Face à cette situation, les techniciens de la Chambre d’Agriculture poursuivent leur tournée pour évaluer le plus précisément possible les pertes et le potentiel restant, afin de proposer rapidement aux agriculteurs, des solutions et des conseils.

… et sur prairies
Les prairies, qui étaient en plein développement, voire sur le point d’être ensilées pour beaucoup, ont particulièrement souffert de ces chutes de neige ; de la neige lourde et en grande quantité. Photos à l’appui, des ray-grass sont complètement couchées. Pour ces prairies prêtes à ensiler, la récolte s’annonce difficile. Néanmoins, les techniciens conseillent de «ne pas se précipiter et d’attendre le ressuyage du sol avant toute intervention pour éviter de détériorer les parcelles et d’incorporer de la terre dans le fourrage(*)». Les prairies naturelles et les parcelles les plus tardives sont moins touchées.
Patrice Mounier invite les éleveurs à patienter, observer et à se tourner vers leurs conseillers dès l’amélioration des conditions météo et de sols.
D’autres conséquences sont à imputer à cet épisode neigeux. Dans certains secteurs, les clôtures ont été abîmées conduisant à la divagation des animaux. Et bien sûr, avec la neige, difficile pour les bovins, ou ovins de se nourrir ; les éleveurs ont dû leur apporter du foin sur place.
La FDSEA travaille déjà avec les services de la DDT sur les éventuelles incidences sur les déclarations PAC, et va étudier, le cas échéant, la procédure d’un dossier calamités et des solutions d’aides, et la Chambre d’Agriculture planche sur les suites à donner sur le plan technique.

(*) La qualité des fourrages risque de pâtir de cette situation, mais sans incidence sur la qualité du lait ou de la viande, comme cela a pu être écrit par certains confrères de la presse locale d’information générale.

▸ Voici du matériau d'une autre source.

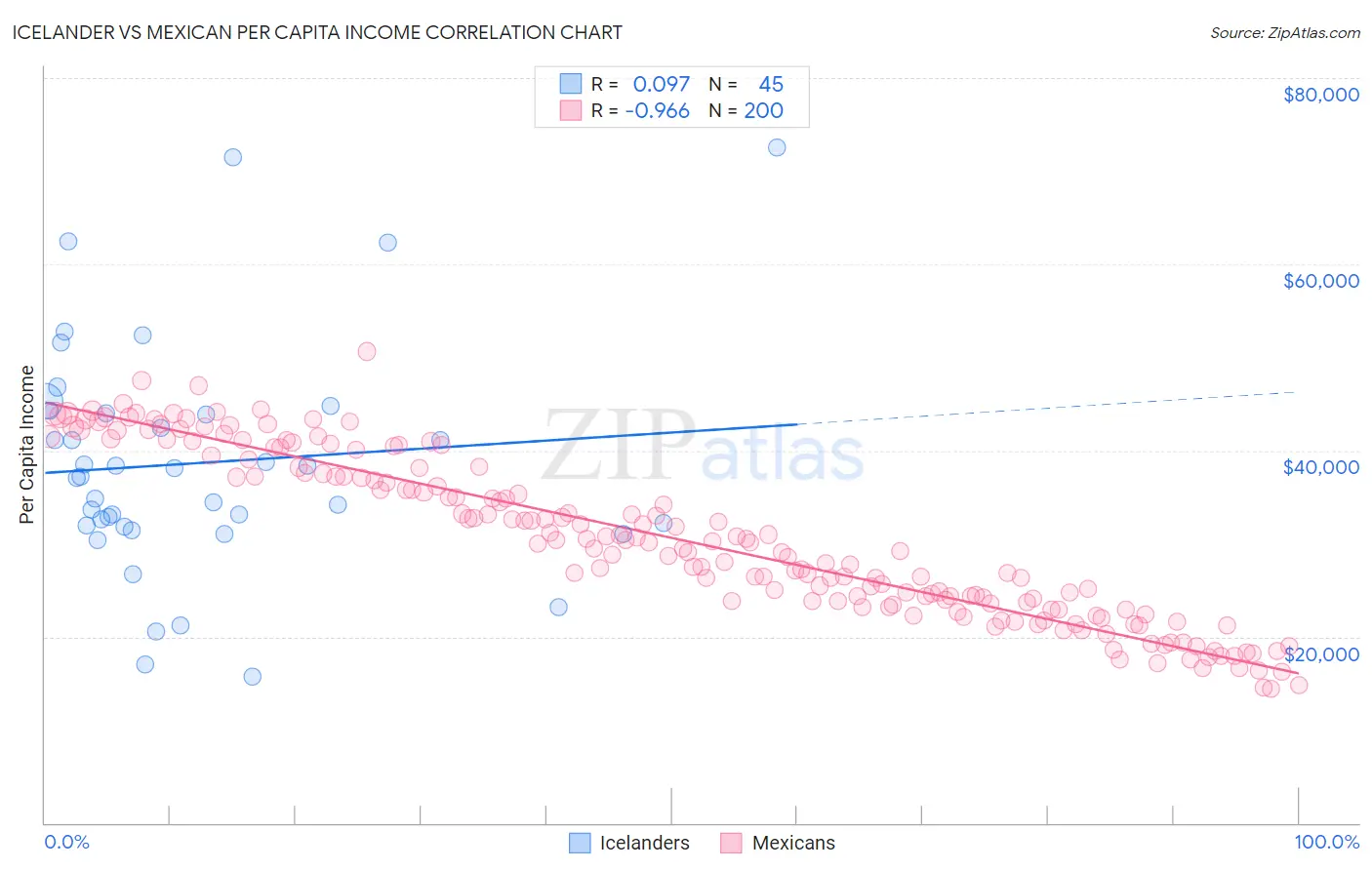 Icelander vs Mexican Per Capita Income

150 tunnels abritant des cultures de fruits rouges ont été détruits.
150 tunnels abritant des cultures de fruits rouges ont été détruits. - © C. Chirouze

Fruits rouges : 150 tunnels détruits

Sur les secteurs de St Jeures, Le Mazet, Yssingeaux, St Bonnet le Froid, la production de fruits rouges a, elle aussi, souffert de la neige abondante.
Denis Chirouze du GIE des Producteurs de Fruits Rouges des Monts du Velay a fait le point. «Environ 150 tunnels ont été détruits. Les arceaux n’ont pas supporté cet amas de neige et ont lâché. Et dessous, les productions de framboises, fraises, myrtilles et autres ont été très abîmées. Et ce sont pour la plupart des plantes pérennes… D’autres parcelles qui n’avaient pas encore été bâchées ont aussi été touchées». Au total ce sont plus de 5 ha de cultures de petits fruits qui ont subi des dégâts. «5 ha cela peut paraître peu, mais ça concerne une dizaine de producteurs donc une perte très importante pour chacun». Difficile aujourd’hui de se prononcer sur toutes les connséquences de ces intempéries, mais elles seront néanmoins conséquentes.
«Le plus urgent, ajoute Denis Chirouze, c’est de trouver des bras pour nettoyer et puis remonter les sructures ou pas…».